Chapter 3: Box — Owned Heap Allocation¶

"Box provides the simplest form of heap allocation in Rust."
— Standard library documentation

Introduction¶

Having understood memory layouts (Chapter 1) and allocator traits (Chapter 2), we now see how they combine into something useful: Box<T>, Rust's simplest smart pointer.

Box is deceptively simple — it's just a pointer to heap memory. But that simplicity hides careful engineering around allocation, deallocation, and the ownership system.

3.1 What is Box?¶

At its core, Box is: 1. A pointer to heap-allocated memory 2. Ownership of that memory 3. Automatic deallocation when the Box goes out of scope

let boxed: Box<i32> = Box::new(42);
// - 4 bytes allocated on heap
// - Value 42 written there  
// - boxed holds the pointer (8 bytes on stack)

// When boxed goes out of scope:
// - Memory is automatically freed

The Structure¶

pub struct Box<
    T: ?Sized,
    A: Allocator = Global,
>(Unique<T>, A);

Two fields: - Field 0: Unique<T> — A pointer wrapper that asserts exclusive ownership - Field 1: A — The allocator (defaults to Global, which is zero-sized)

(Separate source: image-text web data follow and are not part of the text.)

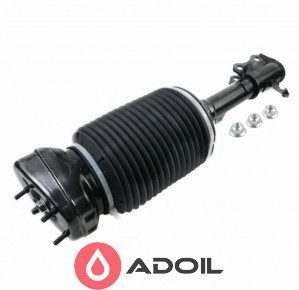 Амортизатор задній 4809048030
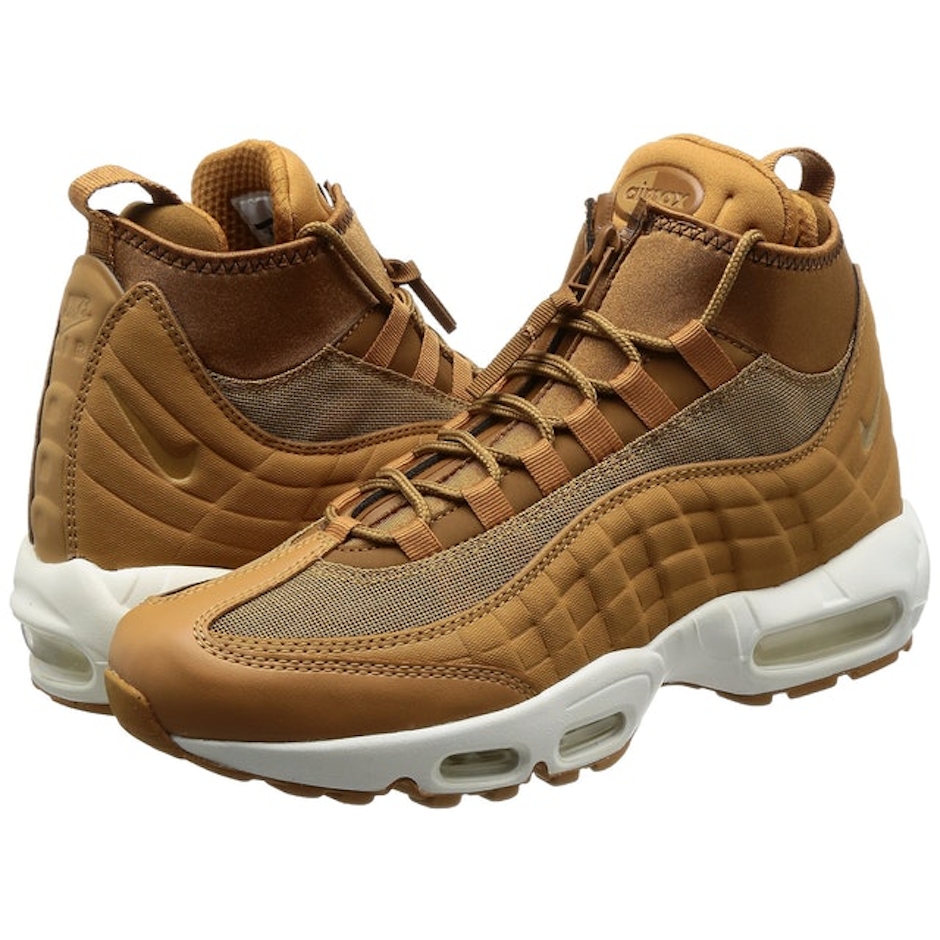 NIKE AIR MAX 95 SNEAKERBOOT 806809-201 1枚目
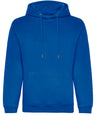 Organic hoodie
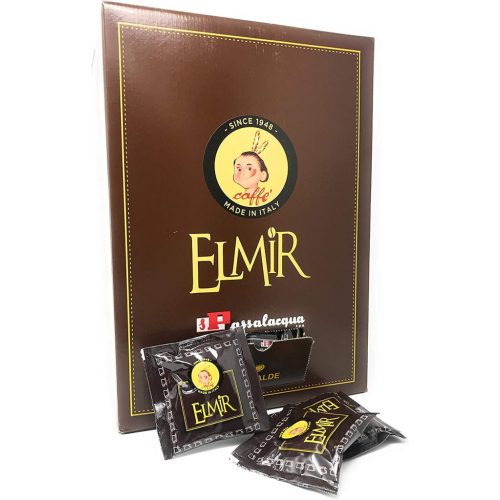 Passalacqua Elmir ESE 44 mm kávépárna  
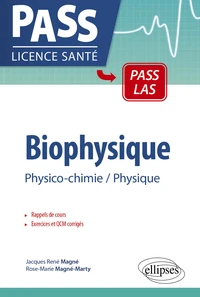BIOPHYSIQUE.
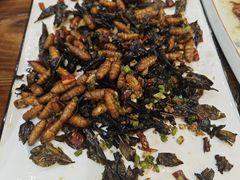 -下梅人家土菜馆(历史文化餐厅度假区店)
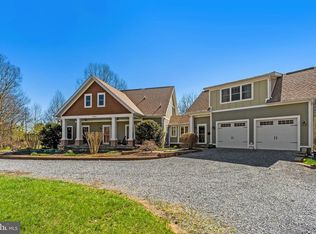 6864/6860 Engle Molers Rd, Shepherdstown, WV 25443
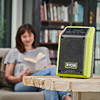 Ryobi ONE+ DAB+ Radio with Bluetooth® (Tool Only) 18V RRDAB18-0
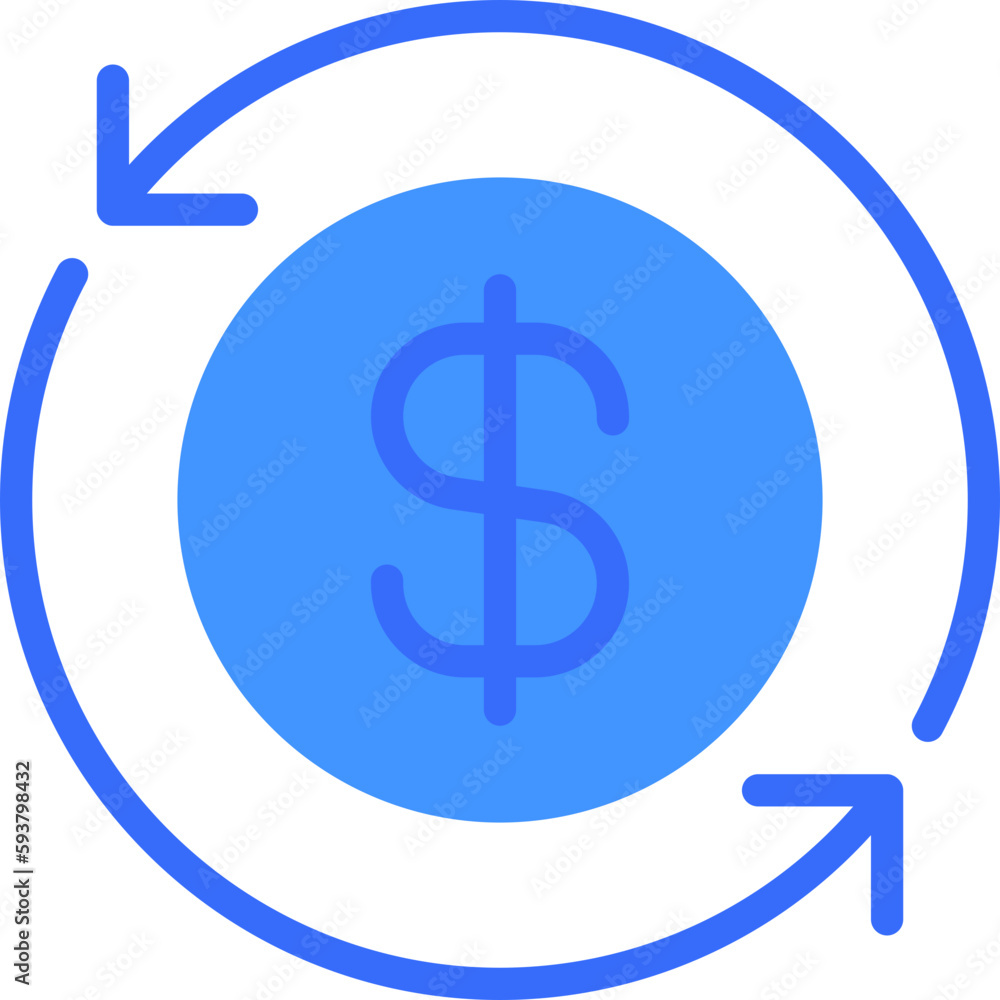 revenue icon revenue icon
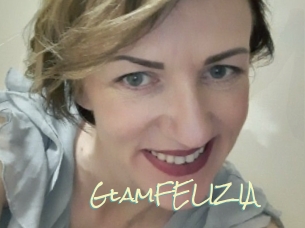 GlamFELIZIA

For the common case of Box<T> with the global allocator, Box is exactly one pointer in size — 8 bytes on 64-bit systems.

Why Box Exists¶

1. Heap allocation for large data:

// This 1MB array would overflow the stack
let huge: Box<[u8; 1_000_000]> = Box::new([0u8; 1_000_000]);
// Only 8 bytes on stack, 1MB on heap

2. Recursive data structures:

enum List<T> {
    Cons(T, Box<List<T>>),  // Box breaks the infinite size
    Nil,
}
// Without Box: "recursive type has infinite size"

3. Trait objects:

let animal: Box<dyn Animal> = Box::new(Dog { name: "Rex" });
// Box holds a fat pointer: data ptr + vtable ptr

4. Transferring ownership efficiently:

fn transfer(data: Box<[u8; 1_000_000]>) { ... }
// Moving Box copies 8 bytes, not 1MB

3.2 Box Creation: The Allocation Path¶

The Simple Case: `Box::new`¶

pub fn new(x: T) -> Self {
    return box_new(x);
}

#[rustc_intrinsic]
pub fn box_new<T>(x: T) -> Box<T>;

box_new is a compiler intrinsic — the compiler generates specialized code for it. Why? To avoid unnecessary copies.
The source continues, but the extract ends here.